Wie ich Aktien analysiere

In diesem Artikel möchte ich einmal darauf eingehen was meine Strategie ist um Aktien zu analysieren. Dieser Artikel ist dazu gedacht ein bisschen zusätzlichen Hintegrund zu liefern, der hilfreich ist um meine Aktienideen Artikel einschätzen zu können.

Aktienkategorien

Zuerst ordne ich die Aktien grob in Kategorien ein. Diese Kategorien sind stark angelegt an das Buch von Peter Lynch* (Das Buch kann ich jedem nur wärmstens empfehlen). Die Kategorien sind Folgende

  • Aktien mit schnellem Wachstum
  • Aktien mit mittlerem Wachstum
  • Zykliker
  • Turnaround Stories
  • Asset Plays

Aktien mit schnellem Wachstum

Hier sind typischerweise kleinere noch nicht etablierte Firmen gemeint, die ein Gewinnwachstum über 20% haben. Diese Firmen sind oft mit etwas größerem Risiko behaftet und sind daher nicht der Fokus meines Hauptdepots. Aber auch Amazon könnte man noch hier einordnen.

Mit diesen Aktien kann man große Gewinne erzielen. Der Kurs einer solchen Aktie kann sich auch schonmal verzehnfachen. Dann spricht man von einem Tenbagger. Die Jagd nach Tenbaggern macht Spaß, daher habe ich dafür ein zweites Depot, dass allerdings nur einen vergleichsweise kleinen Teil meiner Investments ausmacht.

Aktien mit mittlerem Wachstum

Aktien, die eine weile gewachsen sind werden irgendwann zu groß um weiter so schnell zu wachsen. In diesem Stadium schütten sie vermehrt Gewinne in Form von Dividenden an die Aktionäre aus anstatt zu versuchen weiter zu expandieren.

Das macht diese Firmen leichter zu bewerten, weil sie berechenbarer werden.

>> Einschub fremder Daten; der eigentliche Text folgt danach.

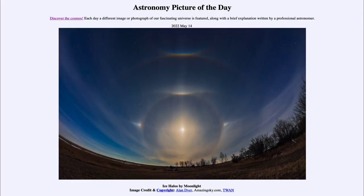Greetings and welcome to the introduction to astronomy. One of the things that I like to do in each of my introductory astronomy classes is to begin the class with the astronomy picture of the day from the NASA website, that is apod.nasa.gov/apod. And today's picture is for May 14th of 2022.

Die meisten der Unternehmen in meinem Langzeitdepot kommen aus dieser Kategorie. Beispiele sind hier zum Beispiel Coca-Cola, Apple oder Nestlé. Ich erwarte hier trotzdem noch ein Gewinnwachstum über ungefähr 5%.

Zyklische Aktien

Zyklische Aktien sind Aktien, die mehr oder weniger vorhersehbar schwanken. Die Umsätze, Gewinne und damit auch der Kurs sind hier oft direkt und sehr stark von der aktuellen Wirtschaftslage abhängig.

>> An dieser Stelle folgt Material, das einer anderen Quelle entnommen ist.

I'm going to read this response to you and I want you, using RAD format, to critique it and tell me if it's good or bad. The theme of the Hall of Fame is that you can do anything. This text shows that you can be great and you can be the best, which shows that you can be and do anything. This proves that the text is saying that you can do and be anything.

In einer Wirtschaftskrise sind diese Aktien daher die ersten die darunter leiden. In dem darauffolgenden aufschwung sind sie aber auch häufig die ersten Aktien, die sich erholen.

Beispiele hier sind die Automobilindustrie, Tourismus und die Luftfahrtindustrie. Um in diese Aktien zu investieren sollte man verstehen wo man sich gerade im Zyklus befindet. Hier kann man sehr schnell viel Geld verlieren, wenn man nur das Wachstum beobachtet.

Turnarounds

Turnaround kandidaten sind Aktien, die aufgrund von verschiedenen Umständen in finanzielle Probleme geraten sind. Hierbei sind natürlich nicht selbstverschuldete Probleme zu bevorzugen.

Bei diesen Aktien kann man darauf spekulieren, dass sie zum Beispiel vom Staat gerettet werden. Dabei kann jedoch auch immer das Aktienkapital verwässert werden. Andererseits kann die Firma natürlich auch pleite gehen.

In der Corona Krise gab es einige Kandidaten für diese Kategorie. Die prominenteste deutsche Aktie hier war wohl die Lufthansa.

Asset Plays

Asset Plays sind Unternehmen die unter dem intrinsischen Wert ihrer finanziellen und materiellen Vermögenswerte notieren. Das funktioniert nur wenn der Markt aus irgendwelchen Gründen nicht von diesen Vermögenswerten weiß oder sie schlichtweg ignoriert.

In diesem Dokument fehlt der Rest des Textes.